→ **TASK STATEMENT**
From the line containing "Habitat: Forest edge" to the final line of the entries, copy each line exactly. Pictures stay out.
*** THE DATA
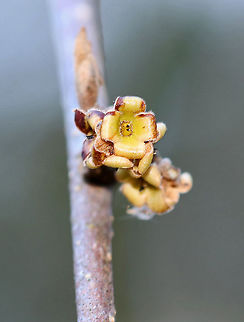 American Witch-hazel - Hamamelis virginiana In the fall, this tree produces crinkly, yellow flowers. They often remain on the branches throughout the winter, as you see here. Although, they usually end up turning brown.

Habitat: Forest edge

Fresh autumn flowers:
https://www.jungledragon.com/image/76603/american_witch-hazel_-_hamamelis_virginiana.html


When they turn brown:
https://www.jungledragon.com/image/73721/american_witch-hazel_-_hamamelis_virginiana.html

 American witch-hazel,Geotagged,Hamamelis virginiana,United States,Winter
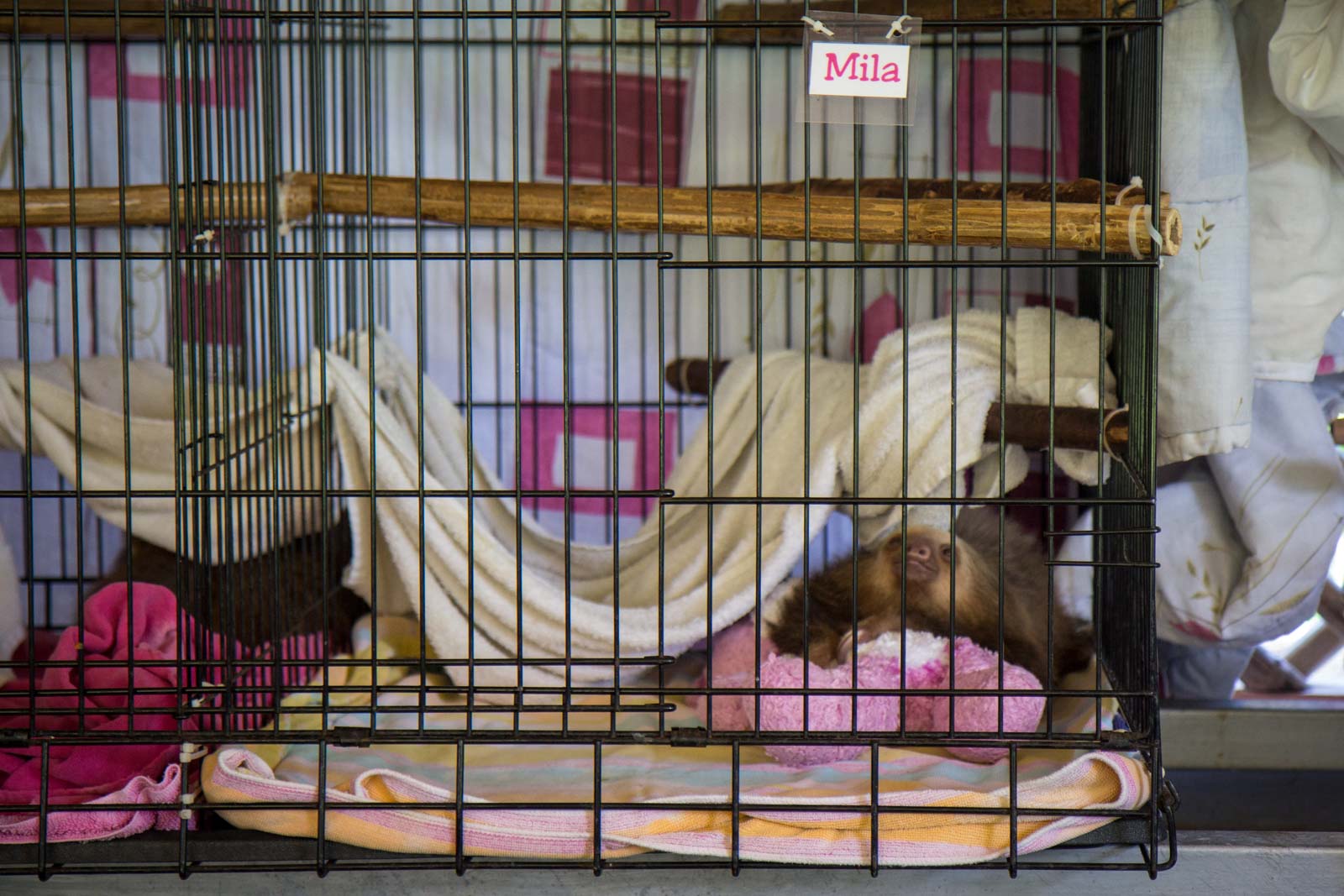 Sloth Sanctuary, Limon, Costa Rica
******
→ **SOLUTION TO THIS TASK**
Habitat: Forest edge

Fresh autumn flowers:
https://www.jungledragon.com/image/76603/american_witch-hazel_-_hamamelis_virginiana.html


When they turn brown:
https://www.jungledragon.com/image/73721/american_witch-hazel_-_hamamelis_virginiana.html

 American witch-hazel,Geotagged,Hamamelis virginiana,United States,Winter
 Sloth Sanctuary, Limon, Costa Rica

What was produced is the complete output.